*** EXTRACTED INFORMATION ***

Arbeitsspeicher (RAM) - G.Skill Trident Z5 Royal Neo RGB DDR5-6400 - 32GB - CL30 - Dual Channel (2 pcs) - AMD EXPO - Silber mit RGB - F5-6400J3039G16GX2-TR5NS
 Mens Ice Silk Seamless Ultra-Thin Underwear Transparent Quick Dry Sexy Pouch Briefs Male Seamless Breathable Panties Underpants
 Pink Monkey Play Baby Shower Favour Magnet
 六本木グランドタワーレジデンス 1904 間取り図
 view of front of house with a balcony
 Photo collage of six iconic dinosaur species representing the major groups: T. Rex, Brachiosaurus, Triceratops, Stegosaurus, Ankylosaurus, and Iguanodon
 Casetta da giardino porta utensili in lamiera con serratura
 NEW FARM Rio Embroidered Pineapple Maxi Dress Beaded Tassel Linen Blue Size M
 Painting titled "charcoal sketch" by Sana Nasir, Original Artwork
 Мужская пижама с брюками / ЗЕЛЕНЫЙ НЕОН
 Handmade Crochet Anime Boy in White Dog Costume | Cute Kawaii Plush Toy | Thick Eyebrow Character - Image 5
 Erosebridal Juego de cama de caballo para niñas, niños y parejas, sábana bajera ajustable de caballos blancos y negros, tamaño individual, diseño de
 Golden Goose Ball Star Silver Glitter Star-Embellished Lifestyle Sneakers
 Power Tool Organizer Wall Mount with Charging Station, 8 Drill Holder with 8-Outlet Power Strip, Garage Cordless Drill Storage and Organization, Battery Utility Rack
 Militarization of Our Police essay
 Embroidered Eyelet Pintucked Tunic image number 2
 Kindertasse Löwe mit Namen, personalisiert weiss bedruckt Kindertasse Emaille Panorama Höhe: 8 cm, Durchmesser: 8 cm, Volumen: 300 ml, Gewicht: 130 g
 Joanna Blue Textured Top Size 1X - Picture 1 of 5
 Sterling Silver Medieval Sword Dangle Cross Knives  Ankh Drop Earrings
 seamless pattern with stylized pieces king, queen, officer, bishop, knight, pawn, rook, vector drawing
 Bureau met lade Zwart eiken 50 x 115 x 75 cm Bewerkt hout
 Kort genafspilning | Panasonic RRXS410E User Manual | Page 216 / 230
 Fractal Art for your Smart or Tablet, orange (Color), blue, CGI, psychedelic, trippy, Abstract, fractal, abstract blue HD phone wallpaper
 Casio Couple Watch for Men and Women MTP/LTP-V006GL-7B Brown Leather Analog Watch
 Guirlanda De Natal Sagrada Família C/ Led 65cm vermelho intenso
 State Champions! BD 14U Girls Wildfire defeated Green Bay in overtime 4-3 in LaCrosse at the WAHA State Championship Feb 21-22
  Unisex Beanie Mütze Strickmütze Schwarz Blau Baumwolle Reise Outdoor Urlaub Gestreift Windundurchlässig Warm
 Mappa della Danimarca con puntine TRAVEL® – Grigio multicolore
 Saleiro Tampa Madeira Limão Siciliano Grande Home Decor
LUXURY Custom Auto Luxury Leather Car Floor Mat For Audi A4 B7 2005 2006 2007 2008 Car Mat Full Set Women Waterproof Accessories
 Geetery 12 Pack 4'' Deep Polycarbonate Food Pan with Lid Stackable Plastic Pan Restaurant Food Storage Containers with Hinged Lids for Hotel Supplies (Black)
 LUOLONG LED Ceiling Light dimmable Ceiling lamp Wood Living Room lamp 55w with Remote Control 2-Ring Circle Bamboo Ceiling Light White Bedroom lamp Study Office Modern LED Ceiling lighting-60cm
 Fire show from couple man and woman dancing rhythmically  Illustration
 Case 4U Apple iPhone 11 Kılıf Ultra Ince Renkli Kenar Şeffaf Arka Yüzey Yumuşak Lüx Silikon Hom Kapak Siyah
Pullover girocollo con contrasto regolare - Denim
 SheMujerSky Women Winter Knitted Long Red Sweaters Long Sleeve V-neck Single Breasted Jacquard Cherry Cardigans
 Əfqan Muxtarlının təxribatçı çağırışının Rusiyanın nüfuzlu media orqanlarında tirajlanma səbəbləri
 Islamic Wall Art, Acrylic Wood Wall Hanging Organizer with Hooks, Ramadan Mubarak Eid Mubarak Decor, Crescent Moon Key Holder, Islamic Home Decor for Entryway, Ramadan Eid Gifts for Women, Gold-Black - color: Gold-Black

***

* [ABOUT THIS EXERCISE] Your response should be the exact lines running from the one with "Geetery 12 Pack" to the final line of the material above.

* [RESPONSE FOR THIS EXERCISE]
 Geetery 12 Pack 4'' Deep Polycarbonate Food Pan with Lid Stackable Plastic Pan Restaurant Food Storage Containers with Hinged Lids for Hotel Supplies (Black)
 LUOLONG LED Ceiling Light dimmable Ceiling lamp Wood Living Room lamp 55w with Remote Control 2-Ring Circle Bamboo Ceiling Light White Bedroom lamp Study Office Modern LED Ceiling lighting-60cm
 Fire show from couple man and woman dancing rhythmically  Illustration
 Case 4U Apple iPhone 11 Kılıf Ultra Ince Renkli Kenar Şeffaf Arka Yüzey Yumuşak Lüx Silikon Hom Kapak Siyah
Pullover girocollo con contrasto regolare - Denim
 SheMujerSky Women Winter Knitted Long Red Sweaters Long Sleeve V-neck Single Breasted Jacquard Cherry Cardigans
 Əfqan Muxtarlının təxribatçı çağırışının Rusiyanın nüfuzlu media orqanlarında tirajlanma səbəbləri
 Islamic Wall Art, Acrylic Wood Wall Hanging Organizer with Hooks, Ramadan Mubarak Eid Mubarak Decor, Crescent Moon Key Holder, Islamic Home Decor for Entryway, Ramadan Eid Gifts for Women, Gold-Black - color: Gold-Black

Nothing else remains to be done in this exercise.